More than 150 gas stations incorporate the Power-View Photovoltaic Module, structural material/solar panels that provide 17% of a station’s electricity supply. The research team led by Robert Oswald and Frank Liu from the National Renewable Energy Laboratory, Golden, Colo., and BP Solar, Toano, Va., designed a Power-View module as two pieces of heat-strengthened glass with thin film deposited on the front piece and then laminated to a second piece.
Acrion Technologies' CO2 Wash Technology is the first equipment designed to convert harmful landfill gas (LFG) into usable energy. As microorganisms digest waste in landfills, they produce LFG, consisting of methane, carbon dioxide (CO2), and trace levels of toxic volatile organic compounds, all of which are altered through systems of wells and valves.

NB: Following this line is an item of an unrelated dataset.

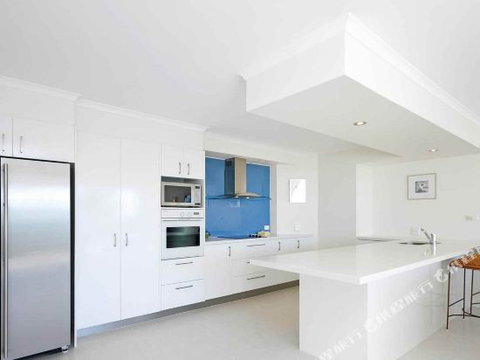 R & W Noosa Holidays 2 25 Allambi Rise - Hervey Bay Accommodation 2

Telcordia Technologies’ Asymmetric Hybrid Energy Storage Device, developed by Glenn Amatucci at the Red Bank, N.J., company, delivers power quickly and has high-energy densities. This battery/supercapacitor replaces the need for heavy, expensive batteries normally used to overcome restrictions of smaller batteries.
A problem in commercializing solar power technology has been the cost of converting electrical systems to solar sources. The APx-8 (APEX) Solar Cell from AstroPower Inc., Newark, Del., overcomes these problems by tweaking the design of a solar cell. A simple 5.2 W solar cell converts sunlight into electricity; the APx-8 is extraordinary for the rate at which it does so and the way the cells themselves are produced.
With growing fears of global warming and environmental pollution, society has been demanding more Earth-friendly technology, and many manufacturers are responding. One example of a green technology is the “Super Enzyme System” developed by Haruo Takahashi at Toyota Central Research and Development Laboratories Inc., Nagakute-cho, Japan.